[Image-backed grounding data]

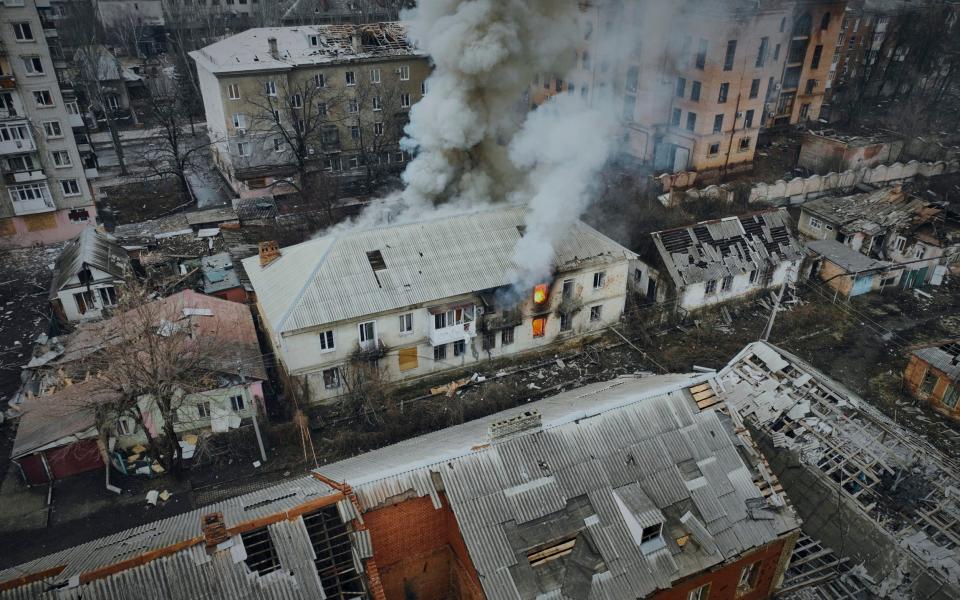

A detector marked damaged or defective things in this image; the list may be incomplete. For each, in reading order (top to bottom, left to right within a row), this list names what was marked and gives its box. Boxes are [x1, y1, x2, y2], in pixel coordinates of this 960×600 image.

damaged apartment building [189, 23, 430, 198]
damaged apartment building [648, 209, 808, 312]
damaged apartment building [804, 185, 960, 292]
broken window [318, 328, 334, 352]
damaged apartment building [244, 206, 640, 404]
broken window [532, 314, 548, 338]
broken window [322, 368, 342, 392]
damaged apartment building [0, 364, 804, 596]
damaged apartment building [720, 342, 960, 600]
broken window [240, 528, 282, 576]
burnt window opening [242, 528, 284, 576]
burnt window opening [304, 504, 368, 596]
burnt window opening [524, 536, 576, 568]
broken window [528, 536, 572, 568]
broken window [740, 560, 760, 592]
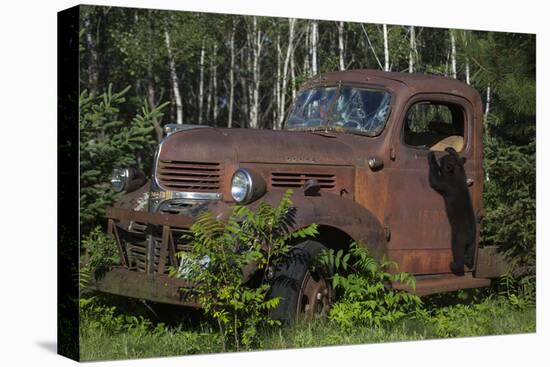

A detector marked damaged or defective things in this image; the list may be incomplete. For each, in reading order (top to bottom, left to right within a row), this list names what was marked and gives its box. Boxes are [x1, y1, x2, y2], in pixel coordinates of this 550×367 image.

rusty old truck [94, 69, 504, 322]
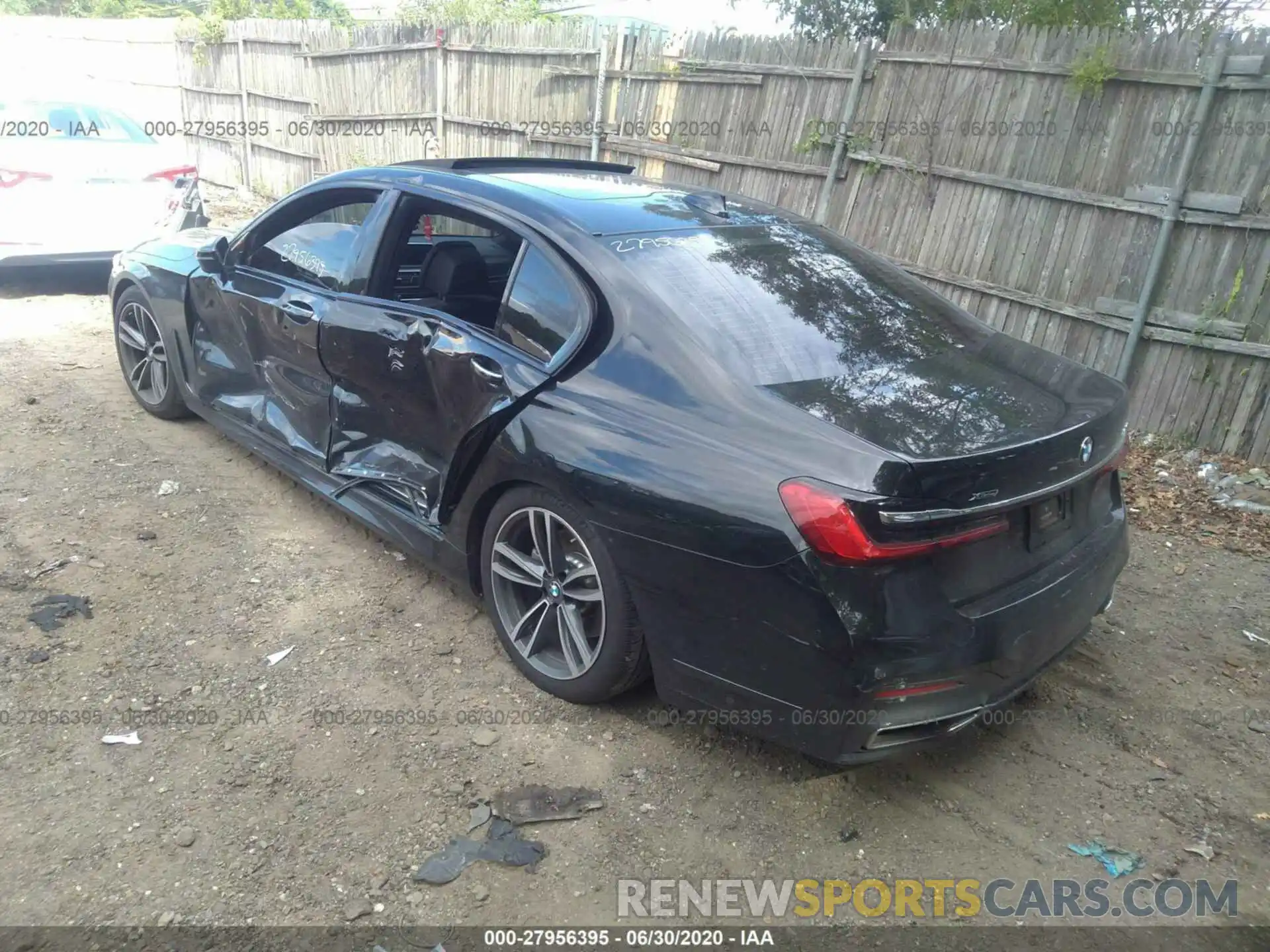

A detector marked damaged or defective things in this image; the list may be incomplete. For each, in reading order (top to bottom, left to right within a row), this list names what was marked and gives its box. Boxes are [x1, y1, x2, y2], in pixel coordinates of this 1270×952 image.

§ **Your instructions**
Excluding all pictures, print exactly and only the lines from the line with "this 550×367 image." through the end of the records above, both ends included.

§ **Exercise response**
A detector marked damaged or defective things in this image; the list may be incomplete. For each, in reading order (top to bottom, left to right within a row), this list names what was marked and gives its box. Boxes are [x1, y1, x2, y2], in pixel coordinates of this 550×367 image.

rusty old truck [94, 69, 504, 322]

A detector marked damaged or defective things in this image; the list may be incomplete. For each, in reading order (top to bottom, left to right within a row), this list names what was marked and gives its box. Boxes are [x1, y1, x2, y2], in pixel coordinates of this 1270×952 image.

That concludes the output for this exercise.